HECToR XT6 Upgrade Roadmap
The HECToR service will be upgraded this spring to include a 20 cabinet Cray XT6.
The system will comprise 44,544 cores delivering an estimated peak performance of 338 TFlops.
The Cray XT4 will remain the main service at this stage. Later in 2010 we will upgrade to the Gemini network interconnect, at which stage the combination of XT6 and Gemini will form the main service.
This initial upgrade to include the XT6 will be broken down into four main stages of work as outlined below.
Stage 1 - 7th April: Operating System Upgrade
The HECToR operating system will be upgraded to CLE2.2. This is currently planned to take place on Weds 7th April.
We will be contacting key users to start testing on our test server later this week. Unlike the previous operating system upgrade (which had an associated major mpt change), a recompile is not necessary in this instance, however recompiling may help to avoid any performance issues.
Stage 2 - 21st April: /work File System Upgrade
In readiness for the Phase 2B upgrade it is necessary to upgrade the /work filesystem in order that both the current XT4 system and the new XT6 can both access it.
As such, all user data will be copied from the existing /work filesystem to a new external /work filesystem.

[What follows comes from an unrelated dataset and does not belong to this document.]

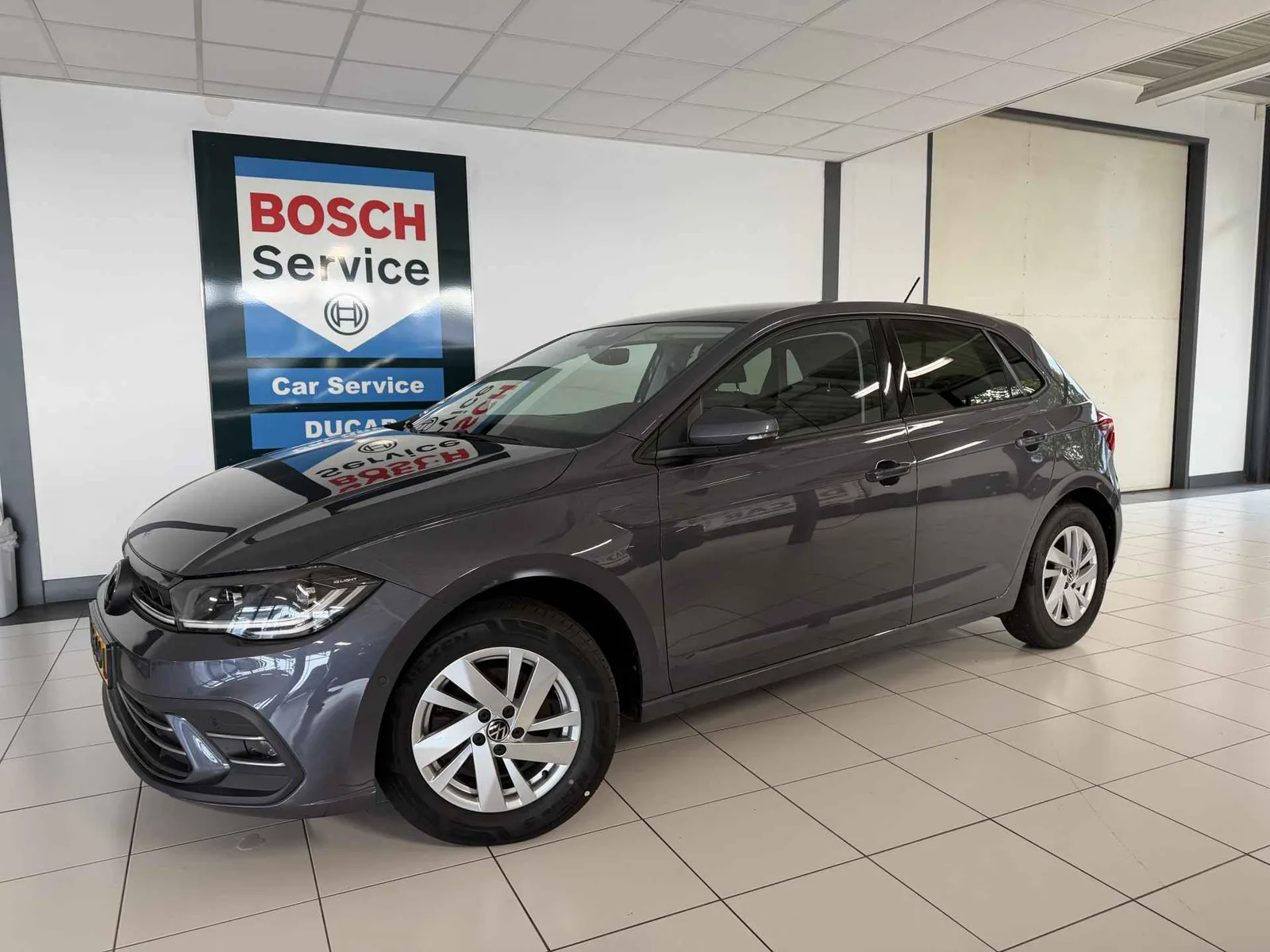Volkswagen Polo (2023) — foto 1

In order to avoid an extensive amount of downtime for all users, this work will be phased project by project depending on the volume of data on /work. We estimate that 94% of projects will be covered in a single maintenance slot on Weds 21st April. The remaining 6% will be handled on a case by case basis due to the large volumes of data held. We will be contacting all PIs to advise when your project will be affected and to let you know how this will impact your users. The aim is to have completed this task for all projects by 5th May.
Note - This work will involve a period of time where quota changes via SAFE will be unavailable. Updated disk usage reports will also be unavailable while the process of copying data is ongoing.
Temporary work space will also be available on the new filesystem (which projects can use while original data is being copied) and we will issue full instructions on how to use it.
In advance of this, if you are currently keeping data on /work which you do not require, please delete it. If you have data which can be archived, please do so. If your project does not currently have an archive quota and you have data to archive, please contact the helpdesk and we will set this up for you. By phasing the work project by project we are doing our best to limit the impact of this change, but the less data there is, the quicker the process will be.
Stage 3 - 19th May: Phase 2A Capacity Reduction
As part of the Phase 2B upgrade, the Phase 2A quad-core system will be reduced in size from 60 cabinets to 33 cabinets.
The maximum job size supported at this time will be reduced to 8192 cores.
This is currently planned to take place on Weds 19th May.
Stage 4 - 17th June: Phase 2B User Access
The Phase 2B 24-core system is planned to be online for initial configuration and testing on Weds 2 June.
User access will follow approximately two weeks after this, with availability trials expected to start on 17th June.
All current users will automatically be granted access to the Phase2B system. We will advise on the exact machine configuration and will provide usage instructions on the website nearer the time.
As far as possible the work above will be carried out during standard maintenance slots. We will of course confirm all dates nearer the time as all of the dates are subject to change.
This is a significant program of work and we will do our best to ensure that there is minimal interruption to service.